Project Overview
So, picture this: you’ve got a room full of undergrads, each one eager to train their shiny new machine learning models, but the GPUs are limited, and chaos is brewing. Enter my custom web app, designed to save the day! The app lets students effortlessly queue up their models for training without the usual hair-pulling frustration. They upload, hit a button, and voilà! No more fighting over resources just a smooth, orderly line of machine learning dreams, waiting their turn.
Technologies Used
- Flask
- MySQL
- Git
- Jquery
Yes... Ill admit it, I reused a lot of kitty code
Story
Once upon a time in the chaotic realm of academia, I found myself in an internship that promised to unleash my potential like a neural net bursting with ideas. Armed with my previous web experience and a burning desire to make a difference, I embarked on a quest to create a web app for queuing machine learning training sessions (Yes! I started with sideprojects in one of my internships). My mission? To make it ridiculously easy for undergrads to throw their models into the training ring without the usual hassle. (Especially when one of them tried to load the GPU memory while another one was training, so the memory was overwrite)

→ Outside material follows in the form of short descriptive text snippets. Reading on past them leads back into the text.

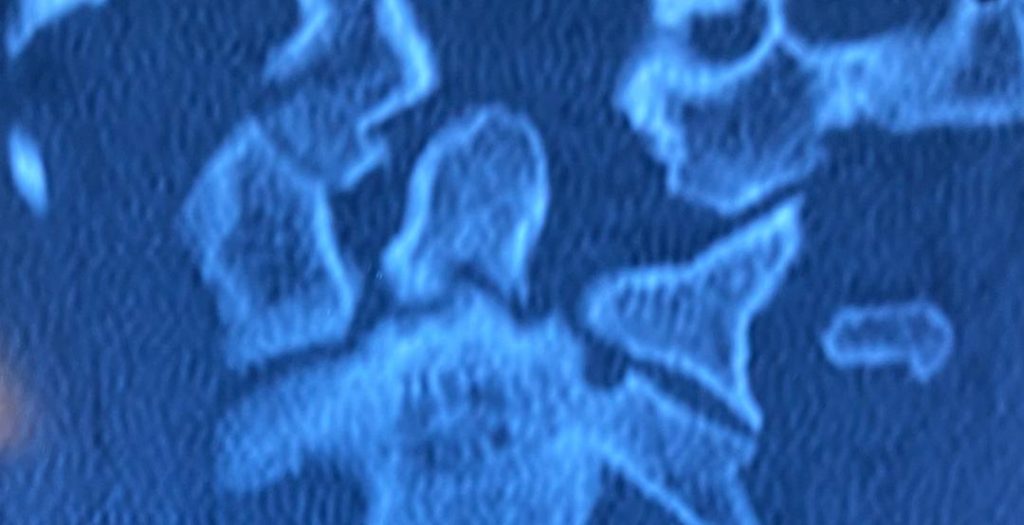 قبل از عمل شکستگی مهره گردن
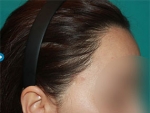 Mojelin Hair Transplant,Reviews,Images, Promotions — Korea cost, reviews & before-after | MISOODA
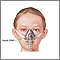 Nasal CPAP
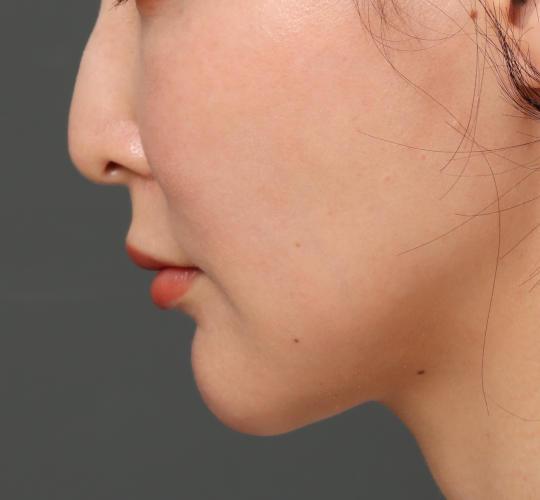 30代女性の鼻の整形 Before 症例写真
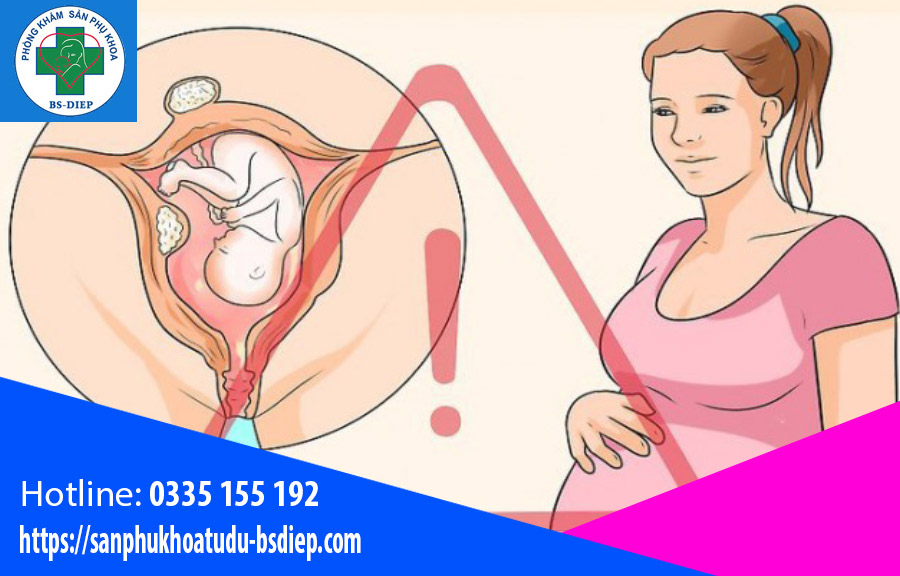 mang-thai-khi-bi-u-xo-tu-cung Mang thại bị u xơ tử cung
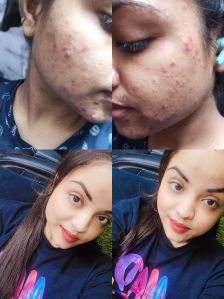 Fair Skin Magic Cream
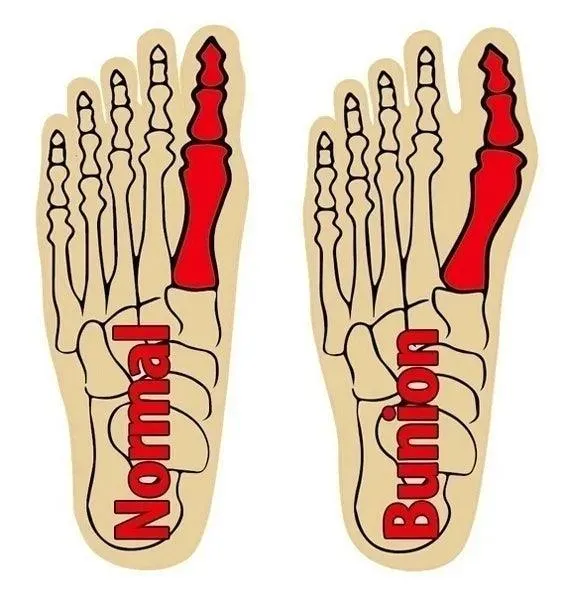 Bunion Relief Sleeve with Gel Pad: Ultimate Foot Comfort & Pain Relief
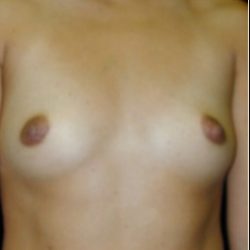 Breast Augmentation Before & After Patient #2881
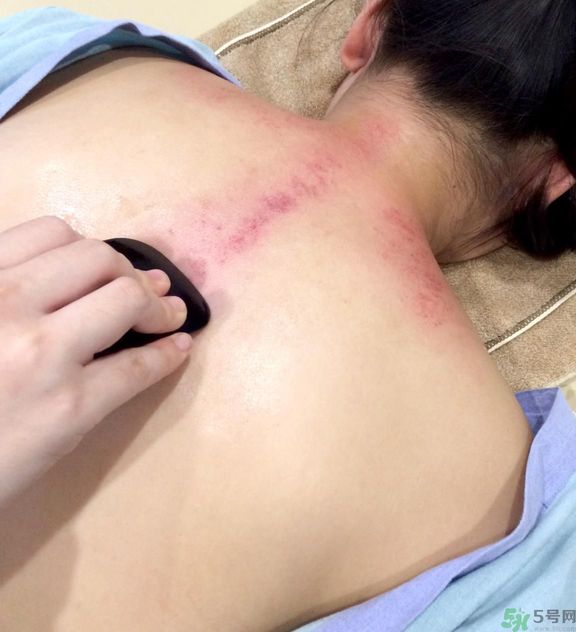 刮痧的好處有那些？夏季刮痧要注意什么？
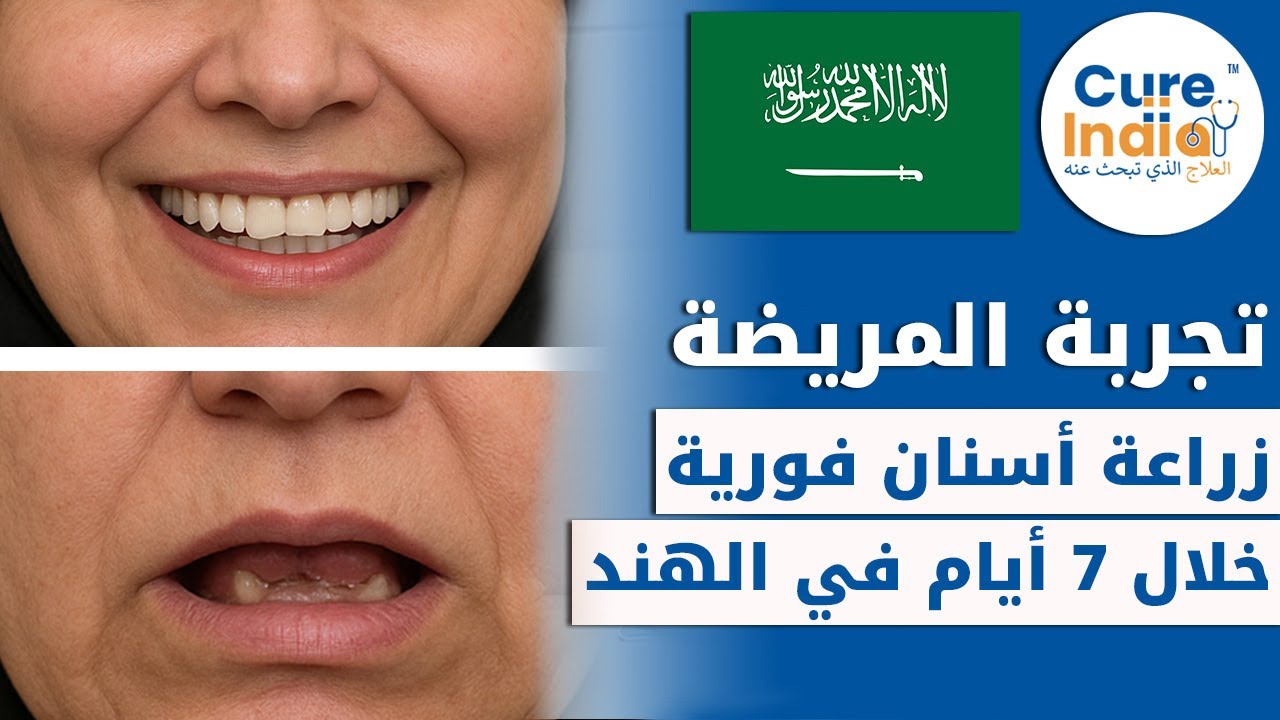 مريضة ضمور العظام جائت من المملكة العربية السعودية لإجراء عملية زراعة الاسنان الفورية في الهند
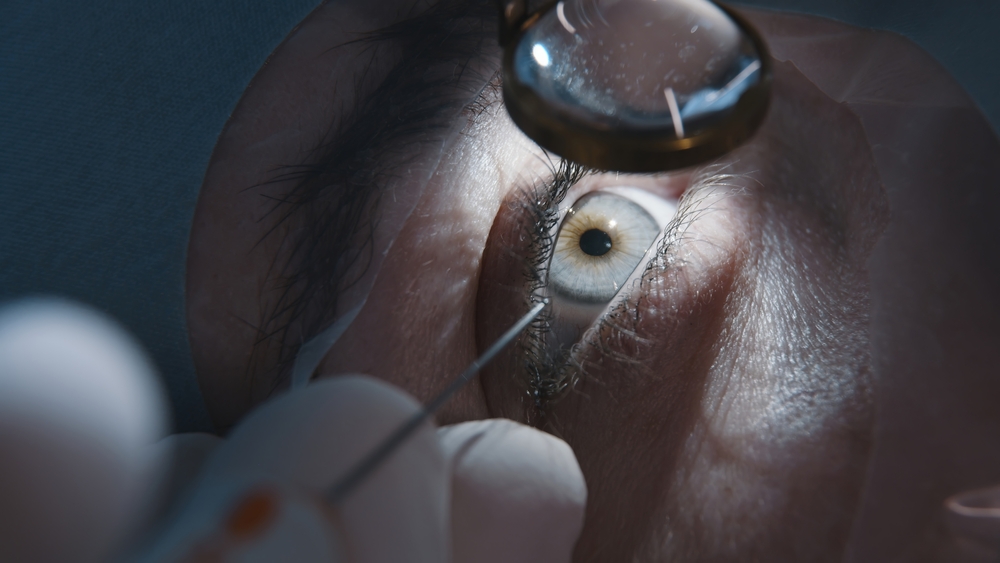 Open,Eye.,Patient,Under,Sterile,Cover.,Close-up.,Laser,Vision,Correction.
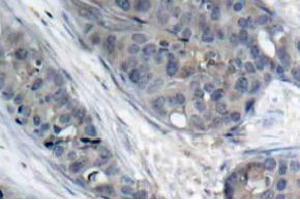 Immunohistochemistry (IHC) analyzes of p-IRS-1 antibody in paraffin-embedded human breast carcinoma tissue. (IRS1 antibody  (pSer307))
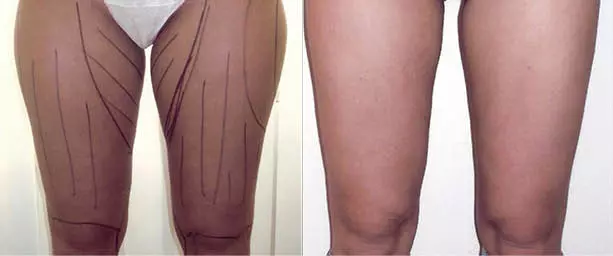 Fettabsaugung Bein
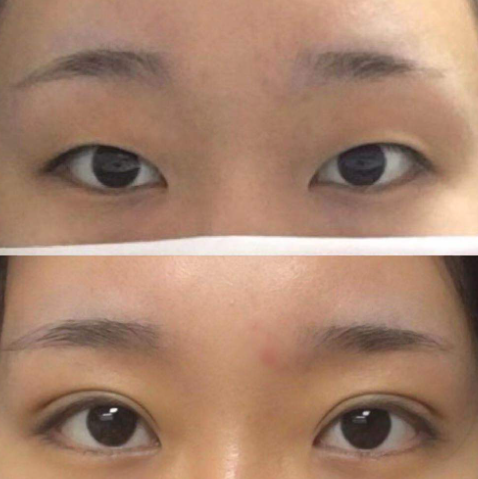 大连赵穆欣和李研哪个医生割双眼皮口碑好？赵穆欣李研做双眼皮预约咨询电话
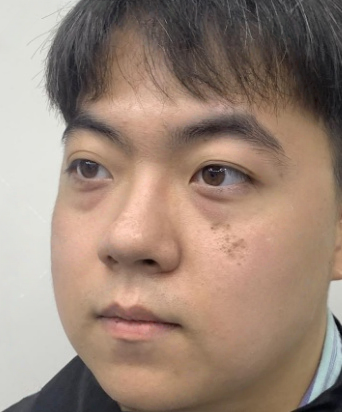去眼袋手术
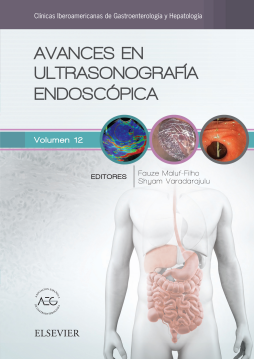 Avances en ultrasonografía endoscópica Avances en ultrasonografía endoscópica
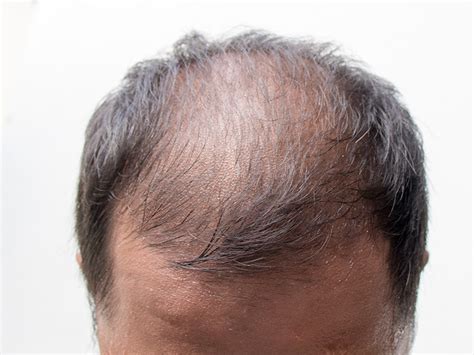 Male Pattern Baldness Hair Restoration Toronto Hair Transplant Toronto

As I dove into the project, I envisioned an interface so intuitive that even a lost hamster could figure it out. I wanted to simplify the queuing process, especially since the doctoral students were chomping at the bit to train their models on the shiny A100 GPUs. Yes, my web app would be the gateway to glorious computational power, and it all started with two humble 3090s before evolving into a beastly array of six A100s, because who doesn't love a GPU party?
But there was a catch: the docker permissions on our cluster were a nightmare. It was like trying to bake a cake with the oven door glued shut. “Just run the containers,” they said. “It’ll be easy,” they said. I swear, the Docker gods were having a laugh at my expense. Every time I thought I had everything configured correctly, I was met with cryptic error messages that felt like they were written in an ancient dialect of Klingon.
As I slogged through the tech swamp, my fellow interns and I decided our creation needed a name, a name that would strike fear into the hearts of queueing mishaps everywhere! So, we held a poll, brainstorming ludicrous names while drawing inspiration from ChatGPT’s whims. “DeepLearningFunHouse™” won by a landslide.
Alas, all good things come to an end, and so did my internship. The tool remained in the hands of the university, and I, like any good intern, walked away without a line of code to show for it. Yep, no code for my portfolio just memories of Docker battles, GPU drama, and the strange satisfaction of knowing that somewhere out there, undergrads and doctoral students were happily queuing up their neural nets on a tool named by a chatbot.